User Defined Functions: Multiple Parameters & Null Value Handling
Last updated on: 2025-05-30
In our previous discussion, we covered the basics of User Defined Functions (UDFs)
in Spark — including what they are, how to define them, and different ways to implement them.
In this article, we’ll delve into more advanced use cases, such as defining UDFs with multiple input parameters and handling null values within dataframes.

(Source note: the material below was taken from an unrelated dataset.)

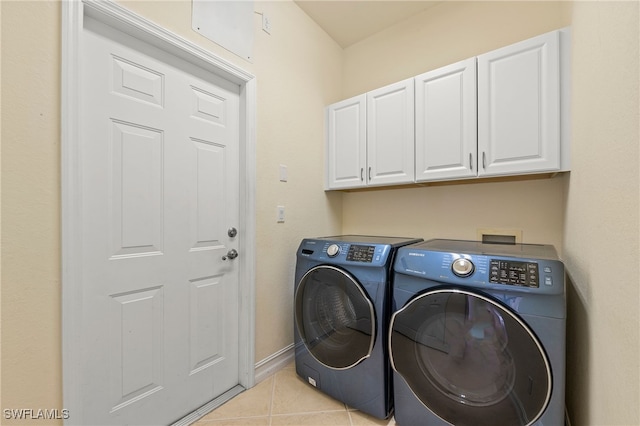 clothes washing area with cabinets, light tile patterned flooring, and washer and clothes dryer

We’ll continue using the shopping bill dataframe introduced earlier:
+--------+-----------+----------+---+------------------+-----------------+
|Item no.| Item Name| Category|MRP| Discounted Price| Price After Tax|
+--------+-----------+----------+---+------------------+-----------------+
| 1|Paper Clips|Stationery| 23| 20.7| 24.84|
| 2| Butter| Dairy| 57| 51.30000000004| 61.56|
| 3| Jeans| Clothes|799| 719.1| 862.92|
| 4| Shirt| Clothes|570| 513.0| 615.6|
| 5|Butter Milk| Dairy| 50| 45.0| 54.0|
| 6| Bag| Apparel|455| 409.5| 491.4|
| 7| Shoes| Apparel|901| 810.9| 973.079999999|
| 8| Stapler|Stationery| 50| 45.0| 54.0|
| 9| Pens|Stationery|120| 108.0| 129.6|
+--------+-----------+----------+---+------------------+-----------------+
Define UDF with multiple input parameters
UDFs in Spark are not limited to single-column input — they can take multiple columns as arguments and execute complex logic. Let's implement a UDF that assigns a price remark based on category, MRP, and final price after tax:
val priceRemarkUDF = udf((category: String, mrp: Double, priceAfterTax: Double) => {
category match {
case "Stationery" if priceAfterTax < mrp * 1.2 => "Fairly Priced"
case "Stationery" => "Overpriced"
case "Dairy" if priceAfterTax > mrp * 1.1 => "Overpriced"
case "Dairy" => "Fairly Priced"
case "Clothes" if priceAfterTax > 800 => "Expensive"
case "Clothes" if priceAfterTax < 500 => "Cheap"
case "Clothes" => "Moderate"
case "Apparel" if priceAfterTax > 900 => "Overpriced"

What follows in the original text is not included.